**EXERCISE GOAL:** Set down each record exactly. Omit the pictures.
START INFORMATION SUPPLIED
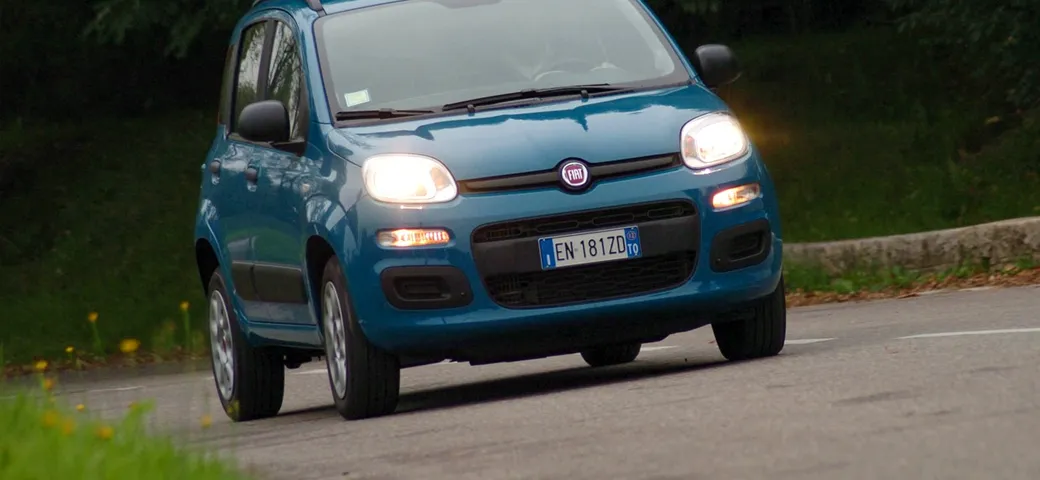 Fiat Panda Metano Prezzi e Brochure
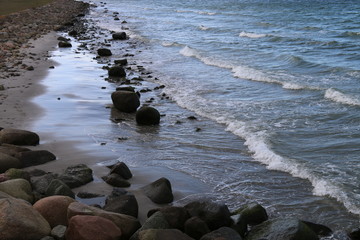 Fototapeta premium Waves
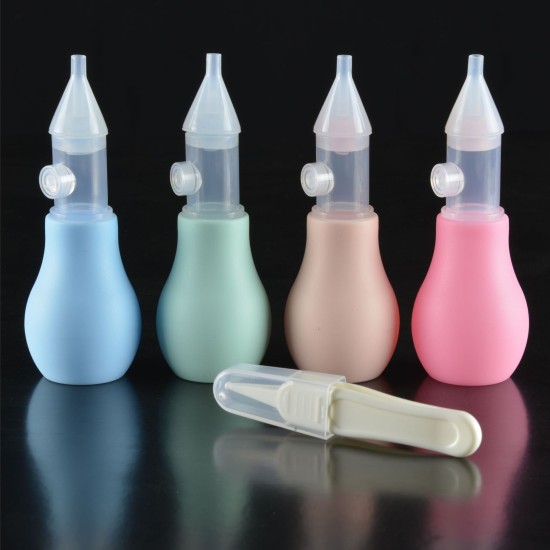new born silicone nasal aspirator manual pump nose cleaner new born silicone nasal aspirator manual pump nose cleaner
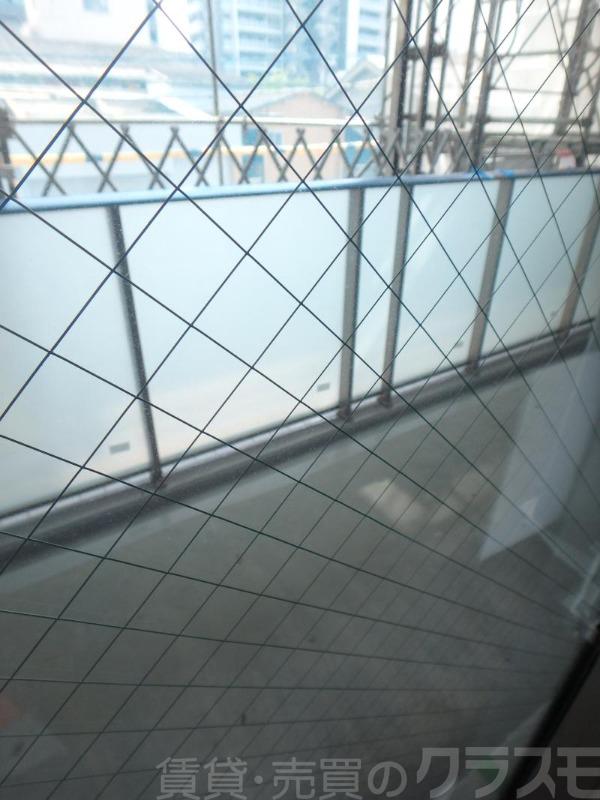 11/29 バルコニー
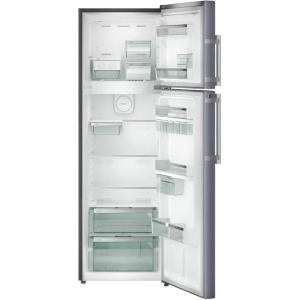 Liebherr 350 L Frost Free Double Door Top Mount 2 Star Refrigerator TDcs 3565-20 | Cobalt Steel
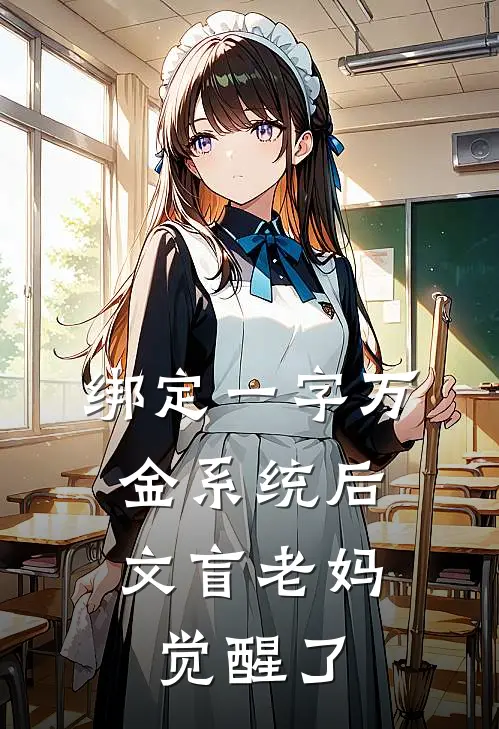 绑定一字万金系统后，文盲老妈觉醒了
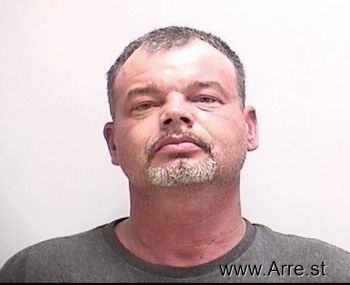 Brian Scott Woods Mugshot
END INFORMATION SUPPLIED
**COMPLETED EXERCISE:**
 Fiat Panda Metano Prezzi e Brochure
 Fototapeta premium Waves
new born silicone nasal aspirator manual pump nose cleaner new born silicone nasal aspirator manual pump nose cleaner
 11/29 バルコニー
 Liebherr 350 L Frost Free Double Door Top Mount 2 Star Refrigerator TDcs 3565-20 | Cobalt Steel
 绑定一字万金系统后，文盲老妈觉醒了
 Brian Scott Woods Mugshot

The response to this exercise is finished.